-- Your instructions --
Your copy must hold all of the data below, unchanged and without images.

-- Available data --

○ ○ ○ ○

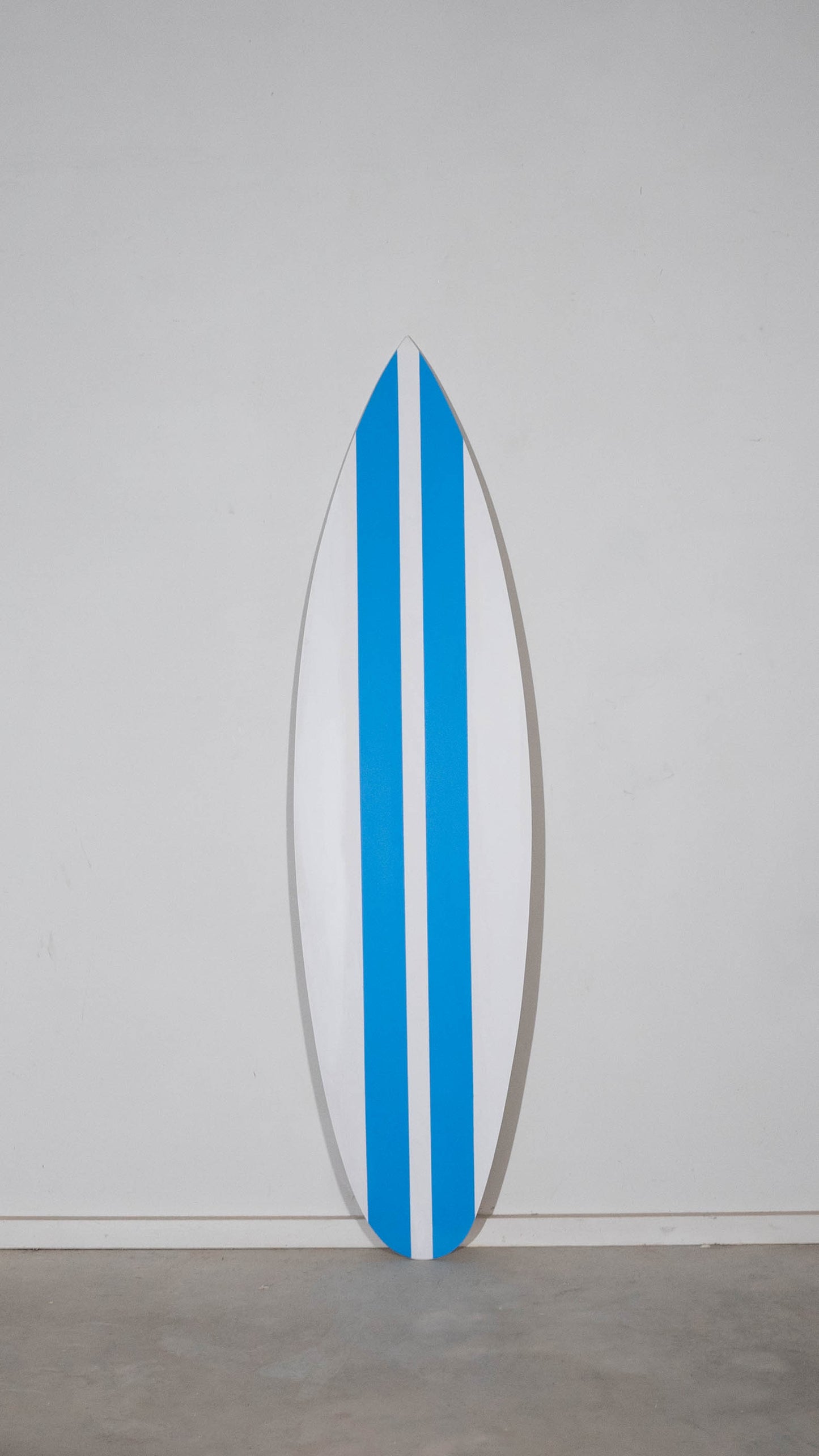 Planche de surf décorative blanche avec détails bleus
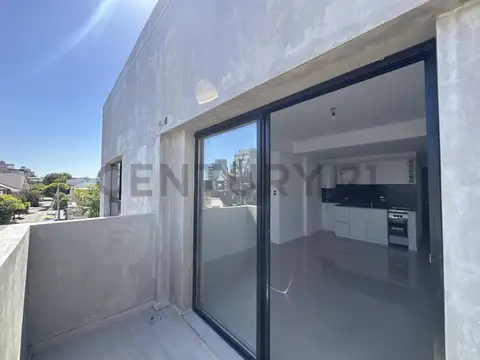Lascano 5200, Piso 2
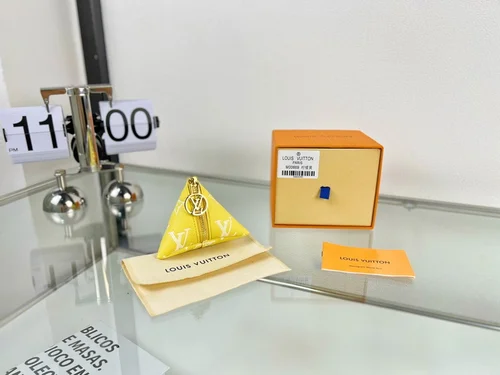 11 Louis Vuitton Original Accessories Authentic Monogram Collection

○ ○ ○ ○

-- Answer box --
 Planche de surf décorative blanche avec détails bleus
Lascano 5200, Piso 2
 11 Louis Vuitton Original Accessories Authentic Monogram Collection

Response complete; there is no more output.